(Captioned web images)
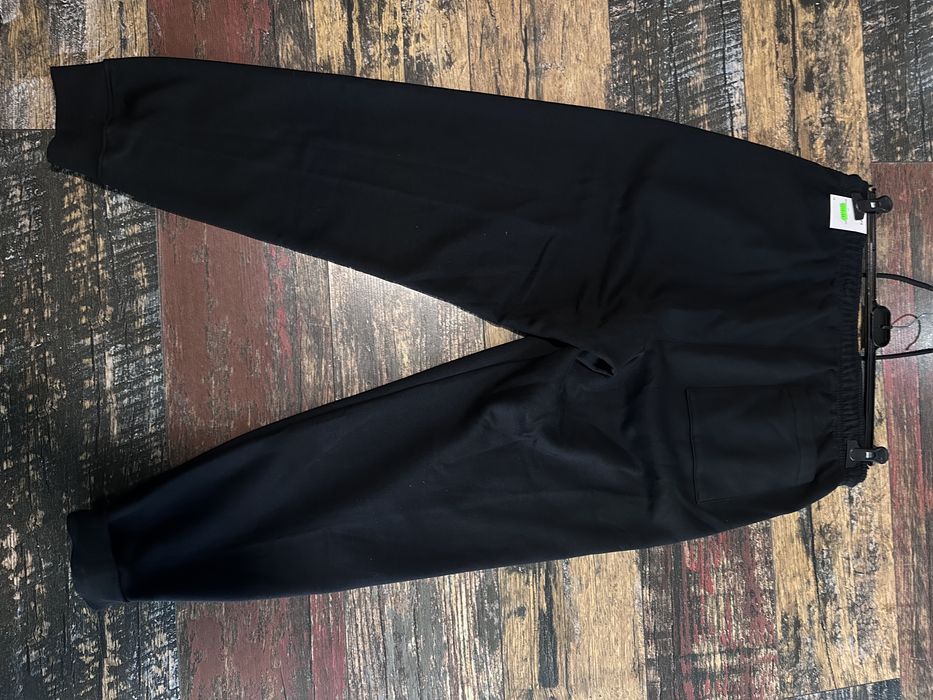 Pantaloni caldurosi Jordan /4+1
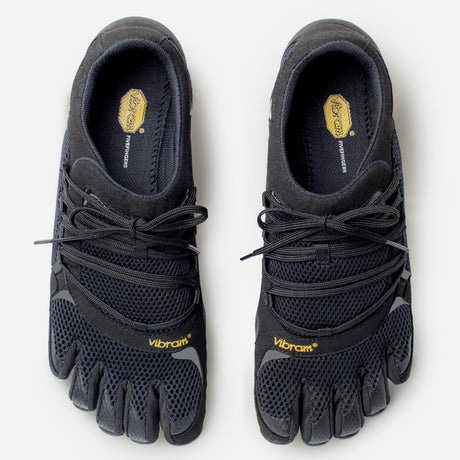 Top view of Vibram Fivefingers Roadaround toe shoes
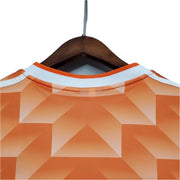 Netherlands Home 88/89 Retro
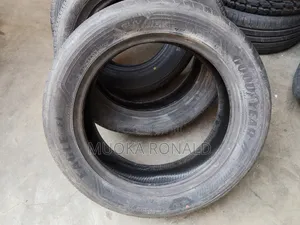 235/55r19 Goodyear Tyre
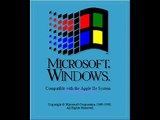 Windows logo parodies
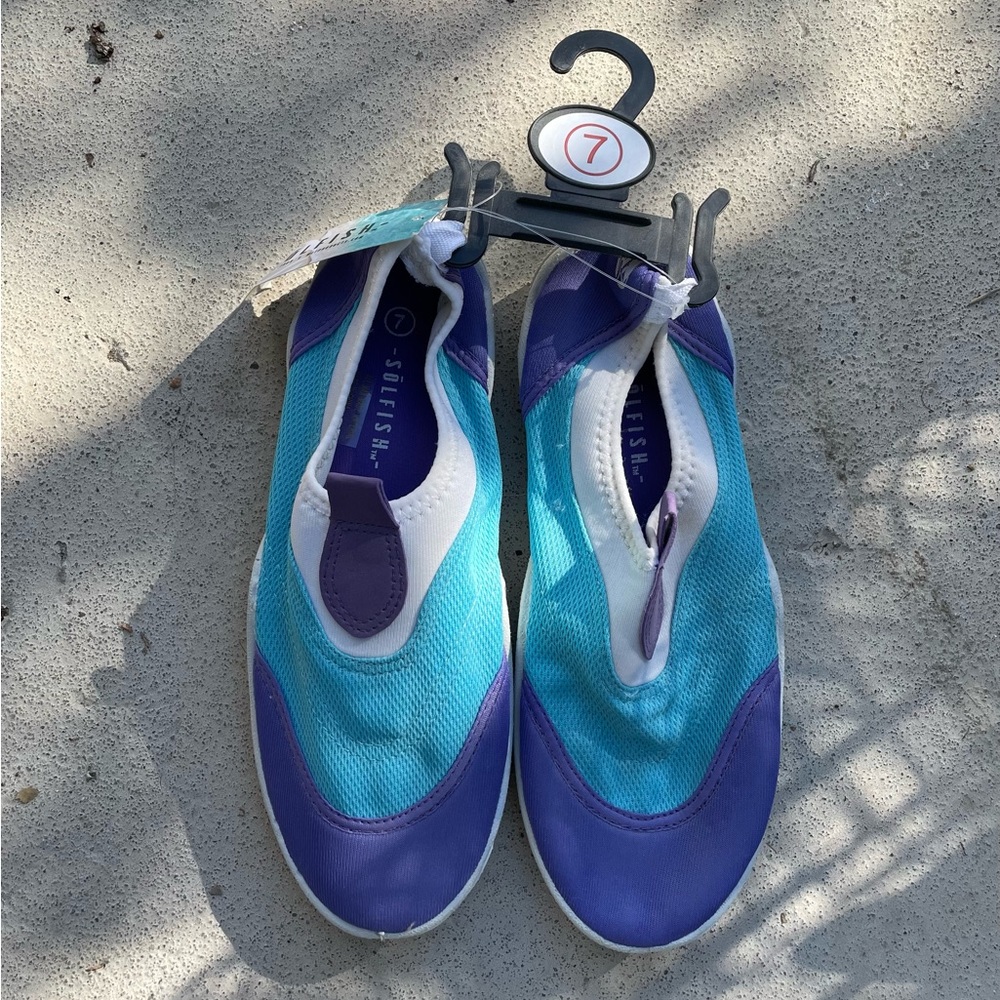 Water Shoes🌊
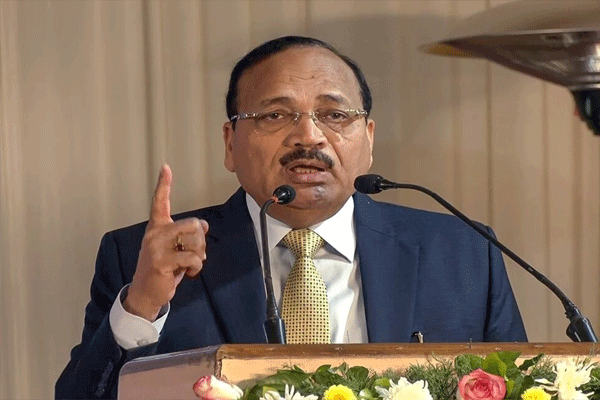 CJI Surya Kant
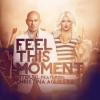 PITBULL FEAT. CHRISTINA AGUILERA - FEEL THIS MOMENT
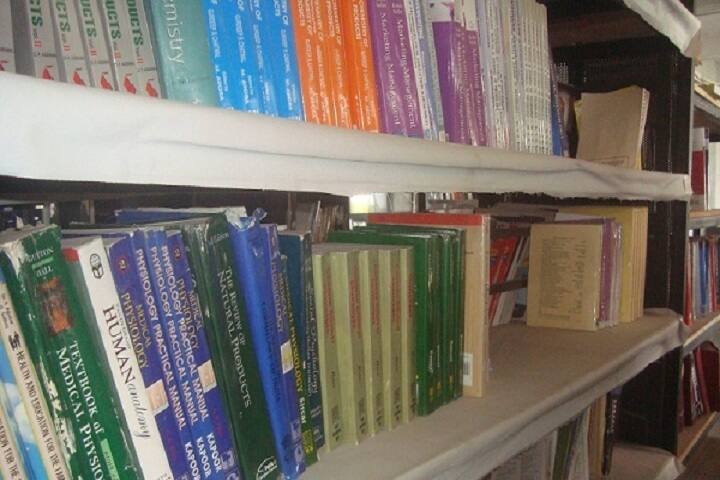 SND College of Pharmacy, Yeola campus photo 5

» **What needs to be done**: In the records, the line containing "Water Shoes🌊" starts the span and the final line ends it. Output exactly that span, both ends included, with no pictures and nothing else.

» **Output for this task**:
 Water Shoes🌊
 CJI Surya Kant
 PITBULL FEAT. CHRISTINA AGUILERA - FEEL THIS MOMENT
 SND College of Pharmacy, Yeola campus photo 5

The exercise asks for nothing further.